Ein vages Unterscheidungsmerkmal ist die Beschaffenheit des Sekretes, welches ausgeschneuzt und abgehustet wird. Bei  Virusinfekten erscheint dieses eher klar oder weißgelblich, bei einer bakteriellen Infektion dunkelgelb oder gar grünlich. Gleichzeitig kann sich auf eine zunächst virale Infektion nach circa 3 Tagen der Erkrankung eine bakterielle Superinfektion bei nun schon angegriffener Schleimhaut aufsatteln: es kommt dann zu einer sekundären Verfärbung des Sekretes bzw. Auffieberung. In der modernen ärztlichen Praxis  wird  die Unterscheidung durch die Bestimmung des C- reaktiven Proteins (CRP-Wert) im Schnelltest durchgeführt. Somit ist bei entsprechender Indikation abzuschätzen, ob eine Antibiotikagabe von Nutzen sein wird, sofern es sich nämlich um einen  bakteriellen Infekt handelt.

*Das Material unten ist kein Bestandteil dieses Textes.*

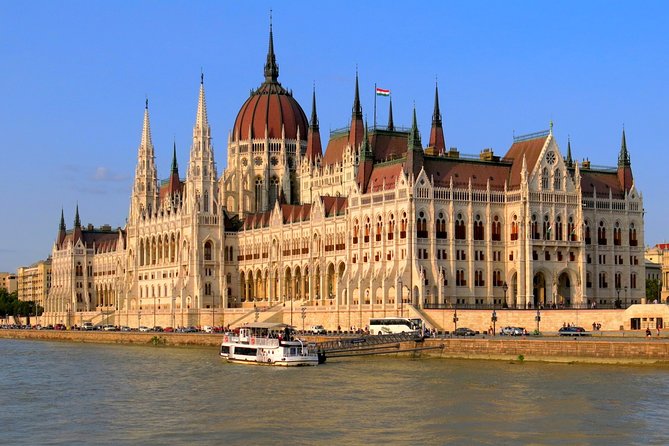 Budapest Airport Transfers: Budapest City to Budapest Airport BUD in Luxury Van - The Real Deal: Authentic Insights from Travelers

Ein grippaler Infekt ist keine Grippe

Wichtig ist: eine Grippe im eigentlichen Sinn ist nur die Infektion durch den Influenza Virus, gegen den saisonal alle Menschen über 60 Jahre  und alle chronisch herz- oder lungenkranken geimpft werden sollten. Zur Vermeidung einer Lungenentzündung als Komplikation einer tiefen Atemwegsinfektion sollten dieselben Bevölkerungsgruppen auch gegen Pneumokokken, die häufigsten bakteriellen Erreger einer Pneumonie geimpft werden.

Was tun gegen den grippalen Infekt?

Allgemein empfiehlt sich die Einnahme von Nasentropfen aus Einzelportionierungen. Auch die Inhalation wird oft als hilfreich empfohlen. Hier empfiehlt sich entweder Sole zu inhalieren, dazu etwa einen gehäuften Esslöffel Salz pro Liter Wasser aufkochen, oder einen Kräutersud aus Kamille, Salbei, Thymian. Bei Gliederschmerz als Ausdruck der Ausbreitung der Viren durch den Körper hilft die Einnahme von Acetylsalicylsäure (z.B. Aspirin) oder Ibuprofen und ggf. Hustenstiller (Codein) zur Nacht. Schleimlöser sind oft von fraglichem Nutzen.